(Saved data entries)

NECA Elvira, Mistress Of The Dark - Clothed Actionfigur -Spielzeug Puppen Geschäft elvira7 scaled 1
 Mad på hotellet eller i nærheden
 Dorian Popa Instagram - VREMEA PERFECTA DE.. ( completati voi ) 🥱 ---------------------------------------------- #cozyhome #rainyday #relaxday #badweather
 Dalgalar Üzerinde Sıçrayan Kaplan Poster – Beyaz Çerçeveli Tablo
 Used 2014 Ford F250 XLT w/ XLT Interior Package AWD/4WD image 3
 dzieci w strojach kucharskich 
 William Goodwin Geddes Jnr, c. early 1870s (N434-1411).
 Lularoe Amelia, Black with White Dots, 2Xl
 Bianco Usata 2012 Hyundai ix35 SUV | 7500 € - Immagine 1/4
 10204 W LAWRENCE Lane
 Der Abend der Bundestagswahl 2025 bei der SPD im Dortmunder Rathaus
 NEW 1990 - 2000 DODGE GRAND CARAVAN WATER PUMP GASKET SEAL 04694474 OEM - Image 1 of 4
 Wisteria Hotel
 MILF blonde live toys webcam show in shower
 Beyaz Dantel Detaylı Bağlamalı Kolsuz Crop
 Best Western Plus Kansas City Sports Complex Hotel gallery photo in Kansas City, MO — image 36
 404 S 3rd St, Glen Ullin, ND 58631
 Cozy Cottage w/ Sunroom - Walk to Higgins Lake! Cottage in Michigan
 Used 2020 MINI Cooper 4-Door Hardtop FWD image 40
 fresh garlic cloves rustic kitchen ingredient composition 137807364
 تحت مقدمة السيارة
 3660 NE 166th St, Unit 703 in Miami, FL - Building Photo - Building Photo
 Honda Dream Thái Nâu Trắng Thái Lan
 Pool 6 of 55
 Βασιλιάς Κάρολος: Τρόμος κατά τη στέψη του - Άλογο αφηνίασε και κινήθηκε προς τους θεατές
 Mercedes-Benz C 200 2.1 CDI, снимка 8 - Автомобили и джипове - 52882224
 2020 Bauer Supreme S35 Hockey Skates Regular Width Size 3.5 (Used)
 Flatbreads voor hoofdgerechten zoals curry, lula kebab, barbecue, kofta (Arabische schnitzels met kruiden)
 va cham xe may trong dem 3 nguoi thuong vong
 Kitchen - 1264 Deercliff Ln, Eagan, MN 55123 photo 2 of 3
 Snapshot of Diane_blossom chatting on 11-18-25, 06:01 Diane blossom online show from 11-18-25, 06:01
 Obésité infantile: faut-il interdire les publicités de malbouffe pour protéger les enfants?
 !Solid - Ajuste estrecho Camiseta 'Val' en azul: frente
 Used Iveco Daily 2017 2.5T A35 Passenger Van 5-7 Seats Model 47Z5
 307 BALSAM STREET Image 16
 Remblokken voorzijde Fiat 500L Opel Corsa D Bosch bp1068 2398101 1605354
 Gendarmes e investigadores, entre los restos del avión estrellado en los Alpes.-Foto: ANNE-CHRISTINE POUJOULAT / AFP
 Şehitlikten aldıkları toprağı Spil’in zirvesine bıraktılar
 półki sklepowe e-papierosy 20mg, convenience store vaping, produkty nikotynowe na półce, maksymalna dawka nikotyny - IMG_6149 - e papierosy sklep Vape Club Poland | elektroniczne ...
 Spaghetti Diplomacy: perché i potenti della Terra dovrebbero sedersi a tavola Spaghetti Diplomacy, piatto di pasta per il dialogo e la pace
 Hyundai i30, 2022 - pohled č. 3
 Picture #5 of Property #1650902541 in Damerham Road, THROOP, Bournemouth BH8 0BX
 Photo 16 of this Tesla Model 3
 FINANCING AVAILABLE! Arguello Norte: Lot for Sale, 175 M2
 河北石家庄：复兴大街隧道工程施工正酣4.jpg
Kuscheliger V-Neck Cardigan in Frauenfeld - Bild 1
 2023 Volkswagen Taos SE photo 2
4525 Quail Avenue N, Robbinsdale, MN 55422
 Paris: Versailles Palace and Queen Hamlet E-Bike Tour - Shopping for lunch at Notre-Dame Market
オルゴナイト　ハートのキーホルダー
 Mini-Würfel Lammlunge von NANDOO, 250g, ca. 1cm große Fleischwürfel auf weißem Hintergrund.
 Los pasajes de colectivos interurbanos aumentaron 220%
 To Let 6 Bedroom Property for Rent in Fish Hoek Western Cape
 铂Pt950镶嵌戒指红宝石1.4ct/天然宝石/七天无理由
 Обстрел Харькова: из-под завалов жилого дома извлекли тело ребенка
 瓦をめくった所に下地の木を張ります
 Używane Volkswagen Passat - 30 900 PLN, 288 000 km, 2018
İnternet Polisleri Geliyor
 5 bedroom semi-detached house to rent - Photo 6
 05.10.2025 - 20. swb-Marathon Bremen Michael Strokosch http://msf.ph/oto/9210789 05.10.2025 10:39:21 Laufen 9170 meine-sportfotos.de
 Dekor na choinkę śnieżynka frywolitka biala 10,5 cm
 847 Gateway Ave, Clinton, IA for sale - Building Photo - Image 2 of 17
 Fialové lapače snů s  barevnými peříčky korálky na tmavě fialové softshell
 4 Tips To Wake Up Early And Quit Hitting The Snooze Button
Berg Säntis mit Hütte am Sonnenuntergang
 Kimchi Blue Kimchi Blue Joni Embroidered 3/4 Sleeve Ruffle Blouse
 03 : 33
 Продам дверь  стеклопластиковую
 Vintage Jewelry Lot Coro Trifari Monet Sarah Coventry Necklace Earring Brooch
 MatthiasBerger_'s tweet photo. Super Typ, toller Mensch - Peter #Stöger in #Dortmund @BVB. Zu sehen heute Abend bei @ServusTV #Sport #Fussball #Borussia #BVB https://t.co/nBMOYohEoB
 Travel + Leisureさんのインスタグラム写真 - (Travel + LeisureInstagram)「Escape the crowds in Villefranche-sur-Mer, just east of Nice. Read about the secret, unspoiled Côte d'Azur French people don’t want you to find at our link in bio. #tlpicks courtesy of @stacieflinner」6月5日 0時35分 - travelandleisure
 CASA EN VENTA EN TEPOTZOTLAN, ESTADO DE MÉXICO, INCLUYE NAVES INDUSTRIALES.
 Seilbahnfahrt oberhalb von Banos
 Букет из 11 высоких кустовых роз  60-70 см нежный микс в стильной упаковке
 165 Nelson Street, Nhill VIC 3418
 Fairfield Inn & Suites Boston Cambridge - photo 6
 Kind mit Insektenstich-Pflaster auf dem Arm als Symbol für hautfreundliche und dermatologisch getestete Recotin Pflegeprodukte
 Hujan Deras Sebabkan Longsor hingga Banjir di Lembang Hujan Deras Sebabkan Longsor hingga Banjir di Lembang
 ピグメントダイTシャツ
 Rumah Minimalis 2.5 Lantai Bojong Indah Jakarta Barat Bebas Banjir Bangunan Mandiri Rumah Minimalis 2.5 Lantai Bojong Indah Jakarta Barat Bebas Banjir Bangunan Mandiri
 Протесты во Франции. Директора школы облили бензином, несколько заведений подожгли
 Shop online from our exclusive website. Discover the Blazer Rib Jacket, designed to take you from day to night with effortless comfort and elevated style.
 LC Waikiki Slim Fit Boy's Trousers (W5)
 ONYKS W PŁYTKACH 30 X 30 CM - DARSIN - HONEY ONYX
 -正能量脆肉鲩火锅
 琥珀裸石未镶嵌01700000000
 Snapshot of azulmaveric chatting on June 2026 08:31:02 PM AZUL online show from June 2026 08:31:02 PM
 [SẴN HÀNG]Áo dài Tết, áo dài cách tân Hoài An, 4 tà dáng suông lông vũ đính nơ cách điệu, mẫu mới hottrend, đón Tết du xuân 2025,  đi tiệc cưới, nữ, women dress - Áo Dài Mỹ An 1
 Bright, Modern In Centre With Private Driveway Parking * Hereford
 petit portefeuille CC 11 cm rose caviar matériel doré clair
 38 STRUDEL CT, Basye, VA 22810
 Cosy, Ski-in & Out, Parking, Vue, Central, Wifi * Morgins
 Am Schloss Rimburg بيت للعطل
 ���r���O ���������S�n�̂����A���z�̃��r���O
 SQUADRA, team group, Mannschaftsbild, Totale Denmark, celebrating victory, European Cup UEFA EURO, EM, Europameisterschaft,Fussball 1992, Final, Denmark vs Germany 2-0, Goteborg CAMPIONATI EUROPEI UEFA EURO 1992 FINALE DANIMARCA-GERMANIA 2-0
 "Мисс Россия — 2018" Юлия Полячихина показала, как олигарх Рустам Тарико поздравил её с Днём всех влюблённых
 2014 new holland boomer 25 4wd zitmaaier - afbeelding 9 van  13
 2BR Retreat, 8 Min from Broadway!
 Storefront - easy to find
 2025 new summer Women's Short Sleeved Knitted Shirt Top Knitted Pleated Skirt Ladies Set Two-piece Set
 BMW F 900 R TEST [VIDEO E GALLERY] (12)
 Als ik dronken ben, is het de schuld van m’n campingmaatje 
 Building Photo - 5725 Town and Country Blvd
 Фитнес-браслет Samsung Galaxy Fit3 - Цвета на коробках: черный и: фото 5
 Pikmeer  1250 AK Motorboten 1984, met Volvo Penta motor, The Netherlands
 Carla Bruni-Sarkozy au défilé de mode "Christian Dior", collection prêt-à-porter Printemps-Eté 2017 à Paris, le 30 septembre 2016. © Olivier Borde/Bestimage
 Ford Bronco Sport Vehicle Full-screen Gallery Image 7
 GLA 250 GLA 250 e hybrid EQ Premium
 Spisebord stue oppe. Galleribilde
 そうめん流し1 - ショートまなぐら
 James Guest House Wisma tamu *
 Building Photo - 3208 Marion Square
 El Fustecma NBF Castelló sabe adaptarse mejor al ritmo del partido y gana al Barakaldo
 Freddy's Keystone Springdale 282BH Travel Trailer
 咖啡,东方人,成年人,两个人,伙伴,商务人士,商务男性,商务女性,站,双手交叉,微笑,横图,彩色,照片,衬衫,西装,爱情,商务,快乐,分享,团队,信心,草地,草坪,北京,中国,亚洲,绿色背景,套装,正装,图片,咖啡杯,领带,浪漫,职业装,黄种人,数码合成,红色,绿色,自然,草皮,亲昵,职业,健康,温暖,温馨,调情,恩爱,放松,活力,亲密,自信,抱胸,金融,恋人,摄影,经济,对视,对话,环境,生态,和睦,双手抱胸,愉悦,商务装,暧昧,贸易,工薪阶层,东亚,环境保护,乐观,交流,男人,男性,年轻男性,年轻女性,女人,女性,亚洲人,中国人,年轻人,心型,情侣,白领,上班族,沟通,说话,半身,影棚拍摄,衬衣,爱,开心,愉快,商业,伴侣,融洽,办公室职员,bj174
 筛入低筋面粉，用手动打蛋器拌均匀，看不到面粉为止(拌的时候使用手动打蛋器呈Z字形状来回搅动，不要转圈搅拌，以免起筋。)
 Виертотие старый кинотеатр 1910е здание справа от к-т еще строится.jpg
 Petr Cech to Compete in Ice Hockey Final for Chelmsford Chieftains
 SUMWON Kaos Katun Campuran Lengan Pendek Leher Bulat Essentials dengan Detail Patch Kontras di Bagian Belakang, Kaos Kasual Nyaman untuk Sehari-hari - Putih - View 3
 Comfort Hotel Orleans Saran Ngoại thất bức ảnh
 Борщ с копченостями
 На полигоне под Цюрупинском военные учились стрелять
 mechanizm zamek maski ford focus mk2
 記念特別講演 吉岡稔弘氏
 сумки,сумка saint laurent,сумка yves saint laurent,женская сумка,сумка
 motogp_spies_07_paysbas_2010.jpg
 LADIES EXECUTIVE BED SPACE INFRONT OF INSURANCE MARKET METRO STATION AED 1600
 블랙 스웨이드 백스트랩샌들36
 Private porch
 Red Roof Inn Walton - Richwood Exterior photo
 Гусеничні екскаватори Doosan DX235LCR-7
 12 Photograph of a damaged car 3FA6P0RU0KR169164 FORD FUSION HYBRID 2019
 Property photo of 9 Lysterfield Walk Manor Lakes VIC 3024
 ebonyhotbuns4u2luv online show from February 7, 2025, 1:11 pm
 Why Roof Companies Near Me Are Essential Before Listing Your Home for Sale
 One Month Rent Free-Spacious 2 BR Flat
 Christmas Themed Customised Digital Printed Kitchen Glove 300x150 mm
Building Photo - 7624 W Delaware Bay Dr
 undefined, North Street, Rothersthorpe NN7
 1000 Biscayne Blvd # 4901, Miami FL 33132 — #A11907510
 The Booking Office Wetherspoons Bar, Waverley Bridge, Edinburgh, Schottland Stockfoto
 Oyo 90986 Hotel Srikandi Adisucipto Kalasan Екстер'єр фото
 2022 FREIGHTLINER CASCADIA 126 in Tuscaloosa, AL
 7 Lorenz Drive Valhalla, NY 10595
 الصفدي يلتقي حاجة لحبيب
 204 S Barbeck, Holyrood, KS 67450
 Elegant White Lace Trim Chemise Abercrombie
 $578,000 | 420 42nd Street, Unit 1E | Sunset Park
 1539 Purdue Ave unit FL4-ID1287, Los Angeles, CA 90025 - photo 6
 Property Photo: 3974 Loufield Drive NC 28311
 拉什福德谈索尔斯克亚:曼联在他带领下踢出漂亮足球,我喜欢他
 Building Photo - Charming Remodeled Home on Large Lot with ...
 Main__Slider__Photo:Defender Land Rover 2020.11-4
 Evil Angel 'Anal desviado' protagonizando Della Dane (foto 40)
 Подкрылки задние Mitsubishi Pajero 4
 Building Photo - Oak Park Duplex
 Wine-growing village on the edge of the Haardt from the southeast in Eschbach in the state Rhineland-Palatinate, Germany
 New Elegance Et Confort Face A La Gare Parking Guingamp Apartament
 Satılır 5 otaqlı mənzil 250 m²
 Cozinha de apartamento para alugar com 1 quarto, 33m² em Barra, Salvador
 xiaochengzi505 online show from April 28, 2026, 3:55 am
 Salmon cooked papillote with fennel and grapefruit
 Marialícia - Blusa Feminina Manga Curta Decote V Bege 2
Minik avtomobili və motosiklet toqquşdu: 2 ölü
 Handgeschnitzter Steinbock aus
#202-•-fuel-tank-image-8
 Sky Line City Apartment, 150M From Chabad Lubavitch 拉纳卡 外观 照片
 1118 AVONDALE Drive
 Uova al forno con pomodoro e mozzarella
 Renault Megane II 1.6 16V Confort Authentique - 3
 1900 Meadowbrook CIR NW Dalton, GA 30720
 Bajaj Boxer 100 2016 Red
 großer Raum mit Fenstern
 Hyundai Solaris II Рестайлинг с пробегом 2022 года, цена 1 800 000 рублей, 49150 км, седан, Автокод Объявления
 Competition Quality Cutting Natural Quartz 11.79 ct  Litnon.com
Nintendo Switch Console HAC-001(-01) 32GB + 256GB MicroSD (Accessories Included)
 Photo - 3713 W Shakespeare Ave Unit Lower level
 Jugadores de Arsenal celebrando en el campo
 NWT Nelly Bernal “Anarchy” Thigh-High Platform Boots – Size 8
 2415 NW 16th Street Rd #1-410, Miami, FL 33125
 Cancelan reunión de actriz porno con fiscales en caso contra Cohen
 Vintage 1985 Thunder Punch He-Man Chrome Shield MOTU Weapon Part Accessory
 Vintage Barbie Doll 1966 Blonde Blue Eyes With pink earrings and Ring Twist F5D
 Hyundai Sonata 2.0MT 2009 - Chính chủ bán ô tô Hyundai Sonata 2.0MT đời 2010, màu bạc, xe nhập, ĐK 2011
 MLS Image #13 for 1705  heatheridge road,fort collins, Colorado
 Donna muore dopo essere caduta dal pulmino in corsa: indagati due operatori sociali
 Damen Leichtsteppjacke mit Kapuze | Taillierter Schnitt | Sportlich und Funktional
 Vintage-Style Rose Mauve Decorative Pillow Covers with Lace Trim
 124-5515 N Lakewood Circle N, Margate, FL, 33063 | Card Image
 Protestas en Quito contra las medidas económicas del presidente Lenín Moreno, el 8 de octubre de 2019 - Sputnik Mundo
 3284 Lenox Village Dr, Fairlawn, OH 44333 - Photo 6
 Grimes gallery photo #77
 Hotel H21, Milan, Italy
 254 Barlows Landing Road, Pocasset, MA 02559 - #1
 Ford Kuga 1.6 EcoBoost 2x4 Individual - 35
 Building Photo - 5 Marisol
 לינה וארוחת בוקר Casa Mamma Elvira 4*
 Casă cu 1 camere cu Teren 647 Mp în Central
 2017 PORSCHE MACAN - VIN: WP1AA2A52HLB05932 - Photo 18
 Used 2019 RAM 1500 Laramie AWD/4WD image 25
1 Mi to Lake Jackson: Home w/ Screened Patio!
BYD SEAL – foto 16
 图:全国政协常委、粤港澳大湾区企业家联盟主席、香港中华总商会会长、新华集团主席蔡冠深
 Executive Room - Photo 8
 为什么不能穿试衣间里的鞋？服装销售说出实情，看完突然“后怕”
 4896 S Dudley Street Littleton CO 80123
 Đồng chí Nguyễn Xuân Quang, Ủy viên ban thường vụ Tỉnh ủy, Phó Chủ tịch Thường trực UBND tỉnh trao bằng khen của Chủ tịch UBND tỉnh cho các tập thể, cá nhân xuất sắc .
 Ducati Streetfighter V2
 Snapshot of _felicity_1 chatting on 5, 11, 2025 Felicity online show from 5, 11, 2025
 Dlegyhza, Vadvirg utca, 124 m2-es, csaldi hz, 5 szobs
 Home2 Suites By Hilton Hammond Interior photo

YOUR ASSIGNMENT —
Print the lines above from the one with "Paris: Versailles Palace" through the one with "Kind mit Insektenstich-Pflaster", both included, exactly as written and nothing more.

EXERCISE SOLUTION —
 Paris: Versailles Palace and Queen Hamlet E-Bike Tour - Shopping for lunch at Notre-Dame Market
オルゴナイト　ハートのキーホルダー
 Mini-Würfel Lammlunge von NANDOO, 250g, ca. 1cm große Fleischwürfel auf weißem Hintergrund.
 Los pasajes de colectivos interurbanos aumentaron 220%
 To Let 6 Bedroom Property for Rent in Fish Hoek Western Cape
 铂Pt950镶嵌戒指红宝石1.4ct/天然宝石/七天无理由
 Обстрел Харькова: из-под завалов жилого дома извлекли тело ребенка
 瓦をめくった所に下地の木を張ります
 Używane Volkswagen Passat - 30 900 PLN, 288 000 km, 2018
İnternet Polisleri Geliyor
 5 bedroom semi-detached house to rent - Photo 6
 05.10.2025 - 20. swb-Marathon Bremen Michael Strokosch http://msf.ph/oto/9210789 05.10.2025 10:39:21 Laufen 9170 meine-sportfotos.de
 Dekor na choinkę śnieżynka frywolitka biala 10,5 cm
 847 Gateway Ave, Clinton, IA for sale - Building Photo - Image 2 of 17
 Fialové lapače snů s  barevnými peříčky korálky na tmavě fialové softshell
 4 Tips To Wake Up Early And Quit Hitting The Snooze Button
Berg Säntis mit Hütte am Sonnenuntergang
 Kimchi Blue Kimchi Blue Joni Embroidered 3/4 Sleeve Ruffle Blouse
 03 : 33
 Продам дверь  стеклопластиковую
 Vintage Jewelry Lot Coro Trifari Monet Sarah Coventry Necklace Earring Brooch
 MatthiasBerger_'s tweet photo. Super Typ, toller Mensch - Peter #Stöger in #Dortmund @BVB. Zu sehen heute Abend bei @ServusTV #Sport #Fussball #Borussia #BVB https://t.co/nBMOYohEoB
 Travel + Leisureさんのインスタグラム写真 - (Travel + LeisureInstagram)「Escape the crowds in Villefranche-sur-Mer, just east of Nice. Read about the secret, unspoiled Côte d'Azur French people don’t want you to find at our link in bio. #tlpicks courtesy of @stacieflinner」6月5日 0時35分 - travelandleisure
 CASA EN VENTA EN TEPOTZOTLAN, ESTADO DE MÉXICO, INCLUYE NAVES INDUSTRIALES.
 Seilbahnfahrt oberhalb von Banos
 Букет из 11 высоких кустовых роз  60-70 см нежный микс в стильной упаковке
 165 Nelson Street, Nhill VIC 3418
 Fairfield Inn & Suites Boston Cambridge - photo 6
 Kind mit Insektenstich-Pflaster auf dem Arm als Symbol für hautfreundliche und dermatologisch getestete Recotin Pflegeprodukte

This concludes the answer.